■ What is required
Transcribe, starting at the line with "水色 フォクシーニューヨーク FOXEY NEW YORK ノーカラーコート アウター" and ending at the line with "hollywood boarding pass", every line of the material below exactly, but leave out the pictures and anything outside that span.

BEGIN Records provided

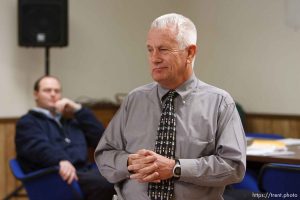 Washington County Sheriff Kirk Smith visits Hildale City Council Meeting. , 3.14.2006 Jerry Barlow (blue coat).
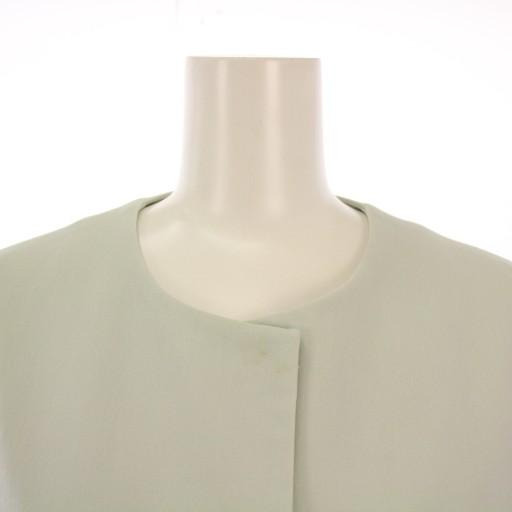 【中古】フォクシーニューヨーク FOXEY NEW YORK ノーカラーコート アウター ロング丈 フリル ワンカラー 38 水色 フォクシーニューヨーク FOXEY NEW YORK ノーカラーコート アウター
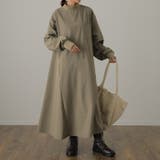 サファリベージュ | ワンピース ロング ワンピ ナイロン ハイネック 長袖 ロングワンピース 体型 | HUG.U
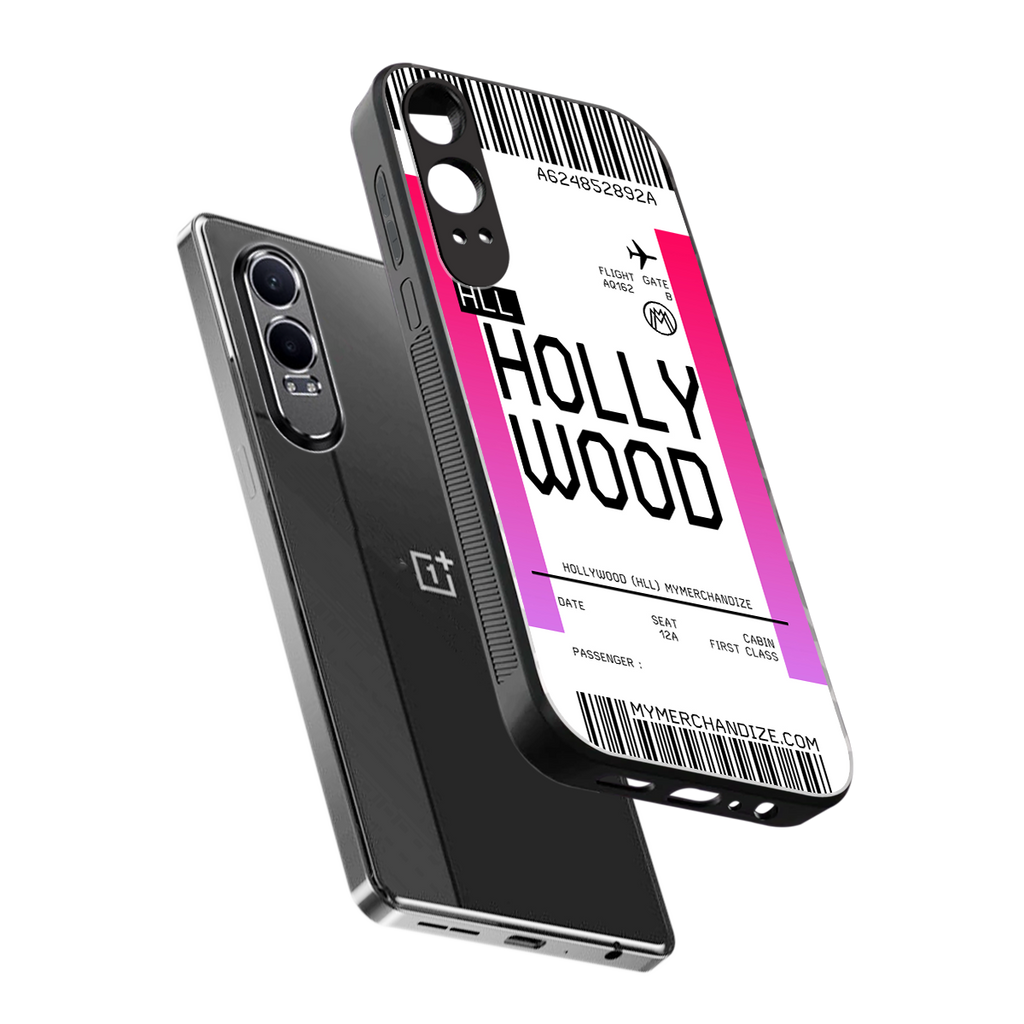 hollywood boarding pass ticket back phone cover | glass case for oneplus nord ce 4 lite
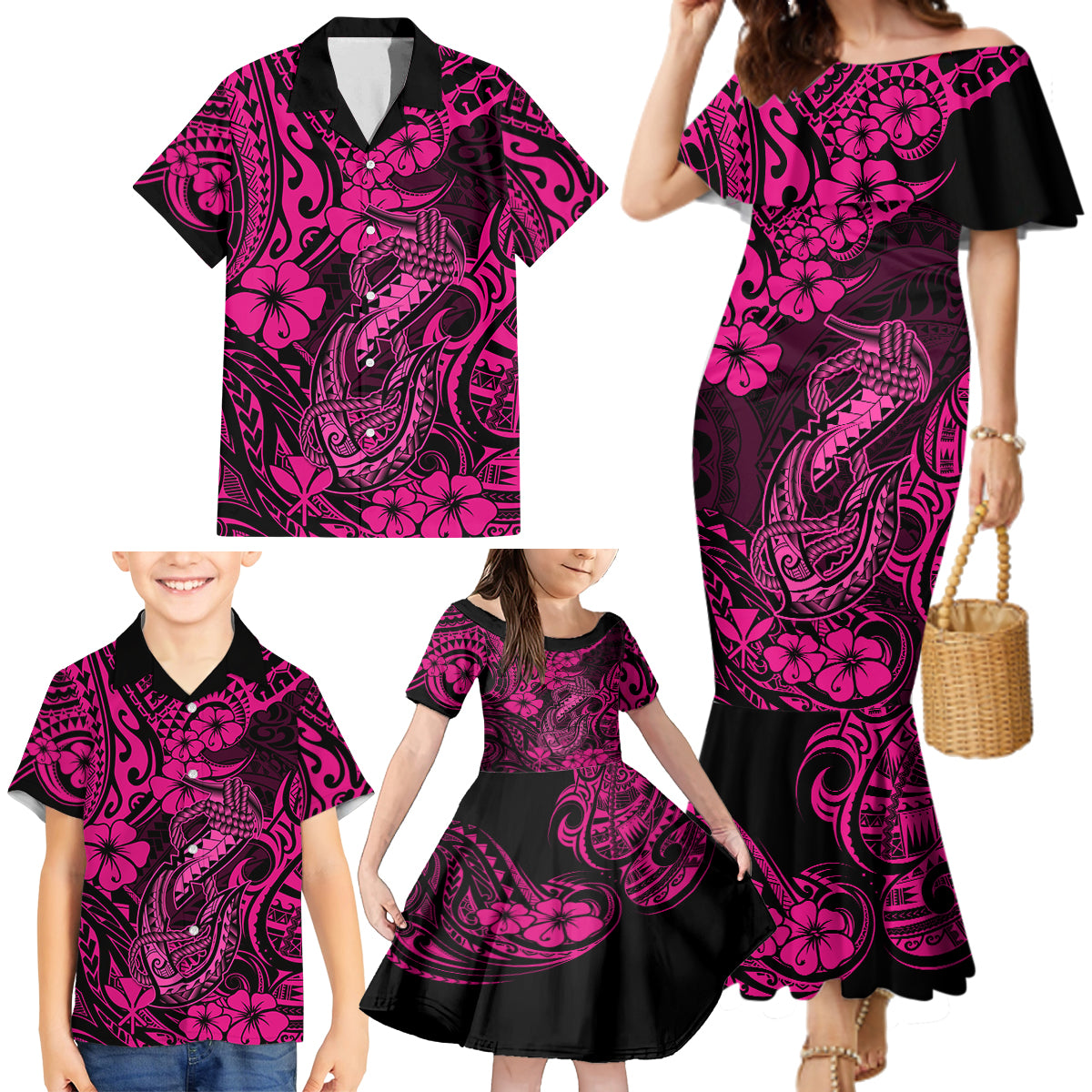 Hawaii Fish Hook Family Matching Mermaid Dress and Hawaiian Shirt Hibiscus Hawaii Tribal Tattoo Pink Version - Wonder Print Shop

END Records provided
BEGIN Records provided

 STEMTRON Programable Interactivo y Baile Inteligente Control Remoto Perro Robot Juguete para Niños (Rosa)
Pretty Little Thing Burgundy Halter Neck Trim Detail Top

END Records provided
BEGIN Records provided

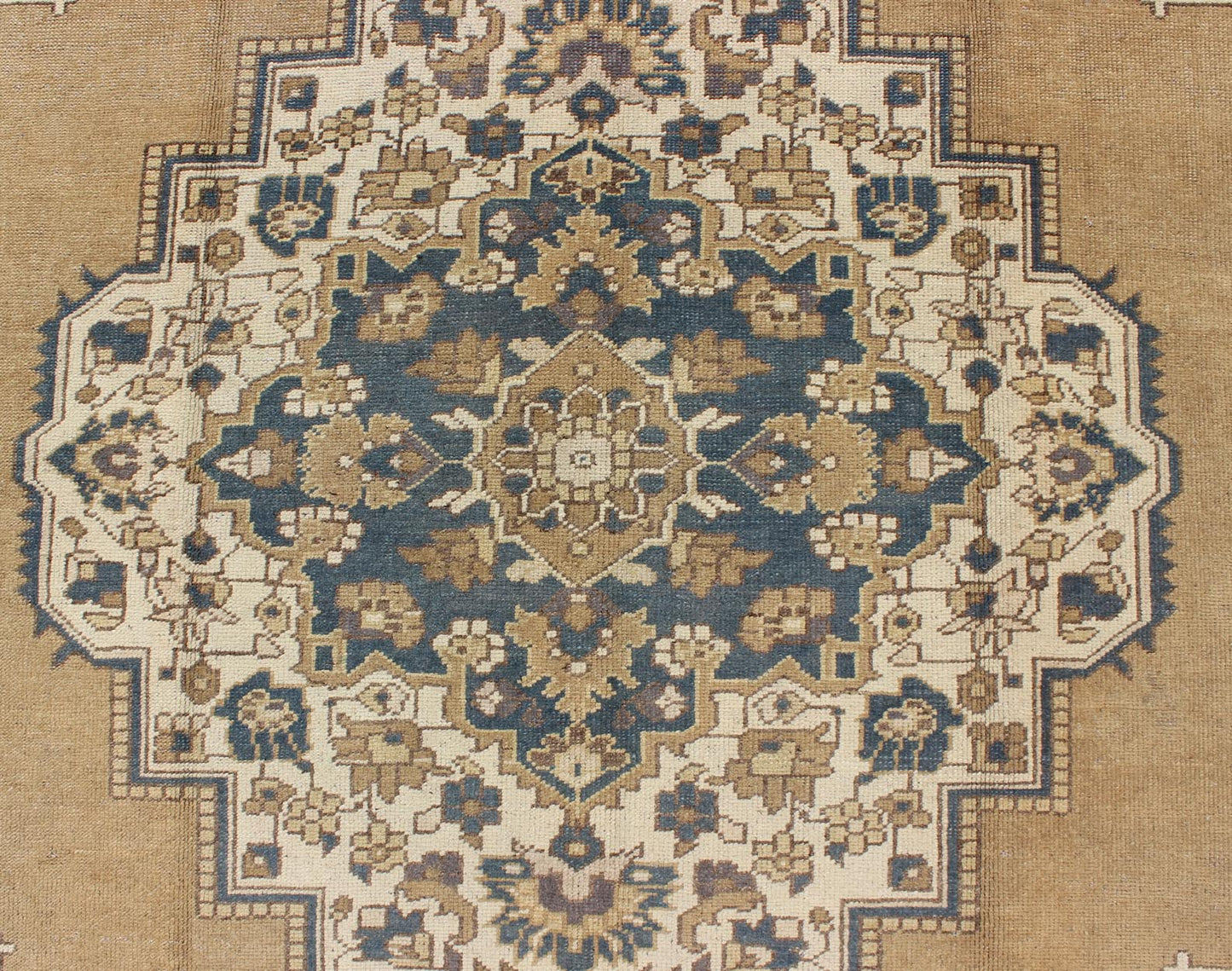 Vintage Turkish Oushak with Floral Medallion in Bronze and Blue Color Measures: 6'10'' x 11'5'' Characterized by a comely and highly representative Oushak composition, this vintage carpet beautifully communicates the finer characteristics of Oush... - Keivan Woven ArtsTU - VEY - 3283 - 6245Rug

END Records provided

■ Answer to the problem
 【中古】フォクシーニューヨーク FOXEY NEW YORK ノーカラーコート アウター ロング丈 フリル ワンカラー 38 水色 フォクシーニューヨーク FOXEY NEW YORK ノーカラーコート アウター
 サファリベージュ | ワンピース ロング ワンピ ナイロン ハイネック 長袖 ロングワンピース 体型 | HUG.U
 hollywood boarding pass ticket back phone cover | glass case for oneplus nord ce 4 lite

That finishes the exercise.